Earth’s poles are undergoing simultaneous freakish extreme heat with parts of Antarctica more than 70 degrees (40 degrees Celsius) warmer than average and areas of the Arctic more than 50 degrees (30 degrees Celsius) warmer than average.
Weather stations in Antarctica shattered records Friday as the region neared autumn. The two-mile high (3,234 meters) Concordia station was at 10 degrees (-12.2 degrees Celsius), which is about 70 degrees warmer than average, while the even higher Vostok station hit a shade above 0 degrees (-17.7 degrees Celsius), beating its all-time record by about 27 degrees (15 degrees Celsius), according to a tweet from extreme weather record tracker Maximiliano Herrera.

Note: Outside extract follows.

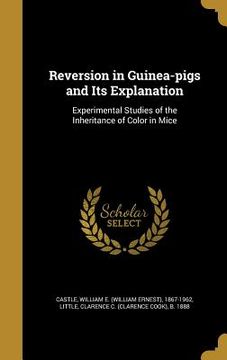 portada Reversion in Guinea-pigs and Its Explanation: Experimental Studies of the Inheritance of Color in Mice (en Inglés)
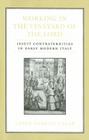 Working in the Vineyard of the Lord: Jesuit Confraternities in Early Modern Italy Cover Image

The coastal Terra Nova Base was far above freezing at 44.6 degrees (7 degrees Celsius). It caught officials at the National Snow and Ice Data Center in Boulder, Colorado, by surprise because they were paying attention to the Arctic where it was 50 degrees warmer than average and areas around the North Pole were nearing or at the melting point, which is really unusual for mid-March, said center ice scientist Walt Meier.
“In about 65 record years in Vostok, between March and October, values above -30°C were never observed,” climate journalist Stefano Di Battista told the news outlet in an email. A researcher studying polar meteorology at the Université Grenoble Alpes Dr. Jonathan Wille also tweeted that this heatwave was “never supposed to happen.”
March marks the beginning of autumn in Antarctica when temperatures usually tend to fall, The Post noted. Willie tweeted that the warmer than usual conditions over Antarctica were caused by an extreme weather system. “[T]his is not something we’ve seen before,” he said. “This moisture is the reason why the temperatures have gotten just so high,” he told The Post.